* [Problem statement] Return the run of lines below that opens with the line containing "RTAKO BP626 Five-Core" and closes with the line containing "Women's Fashion Cable", keeping each one exact.

Data items:
* * *
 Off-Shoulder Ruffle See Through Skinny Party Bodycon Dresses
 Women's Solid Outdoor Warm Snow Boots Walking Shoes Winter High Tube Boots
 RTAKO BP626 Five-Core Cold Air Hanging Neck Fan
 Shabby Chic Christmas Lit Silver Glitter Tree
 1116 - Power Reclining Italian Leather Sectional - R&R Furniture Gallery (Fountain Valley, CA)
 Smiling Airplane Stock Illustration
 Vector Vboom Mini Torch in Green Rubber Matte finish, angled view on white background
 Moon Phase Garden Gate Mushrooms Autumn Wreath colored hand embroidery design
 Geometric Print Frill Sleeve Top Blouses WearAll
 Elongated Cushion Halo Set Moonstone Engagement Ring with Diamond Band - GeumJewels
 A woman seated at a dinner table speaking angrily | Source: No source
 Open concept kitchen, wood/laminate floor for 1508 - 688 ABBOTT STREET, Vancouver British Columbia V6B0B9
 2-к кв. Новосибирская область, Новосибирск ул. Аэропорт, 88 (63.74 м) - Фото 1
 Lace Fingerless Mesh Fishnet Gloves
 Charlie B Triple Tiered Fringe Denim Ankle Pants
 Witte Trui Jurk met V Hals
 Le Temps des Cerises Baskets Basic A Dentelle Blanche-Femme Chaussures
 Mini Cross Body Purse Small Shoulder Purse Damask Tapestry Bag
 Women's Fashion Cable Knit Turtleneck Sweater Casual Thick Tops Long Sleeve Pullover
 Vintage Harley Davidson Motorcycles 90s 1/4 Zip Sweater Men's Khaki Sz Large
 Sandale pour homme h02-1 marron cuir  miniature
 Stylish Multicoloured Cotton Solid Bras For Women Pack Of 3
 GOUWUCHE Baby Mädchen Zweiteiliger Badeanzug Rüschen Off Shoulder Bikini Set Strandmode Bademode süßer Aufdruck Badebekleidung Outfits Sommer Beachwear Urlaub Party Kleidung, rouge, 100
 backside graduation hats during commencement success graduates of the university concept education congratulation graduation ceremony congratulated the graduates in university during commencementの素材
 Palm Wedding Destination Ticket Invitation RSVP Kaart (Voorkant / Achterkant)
* * *
* [Written answer]
 RTAKO BP626 Five-Core Cold Air Hanging Neck Fan
 Shabby Chic Christmas Lit Silver Glitter Tree
 1116 - Power Reclining Italian Leather Sectional - R&R Furniture Gallery (Fountain Valley, CA)
 Smiling Airplane Stock Illustration
 Vector Vboom Mini Torch in Green Rubber Matte finish, angled view on white background
 Moon Phase Garden Gate Mushrooms Autumn Wreath colored hand embroidery design
 Geometric Print Frill Sleeve Top Blouses WearAll
 Elongated Cushion Halo Set Moonstone Engagement Ring with Diamond Band - GeumJewels
 A woman seated at a dinner table speaking angrily | Source: No source
 Open concept kitchen, wood/laminate floor for 1508 - 688 ABBOTT STREET, Vancouver British Columbia V6B0B9
 2-к кв. Новосибирская область, Новосибирск ул. Аэропорт, 88 (63.74 м) - Фото 1
 Lace Fingerless Mesh Fishnet Gloves
 Charlie B Triple Tiered Fringe Denim Ankle Pants
 Witte Trui Jurk met V Hals
 Le Temps des Cerises Baskets Basic A Dentelle Blanche-Femme Chaussures
 Mini Cross Body Purse Small Shoulder Purse Damask Tapestry Bag
 Women's Fashion Cable Knit Turtleneck Sweater Casual Thick Tops Long Sleeve Pullover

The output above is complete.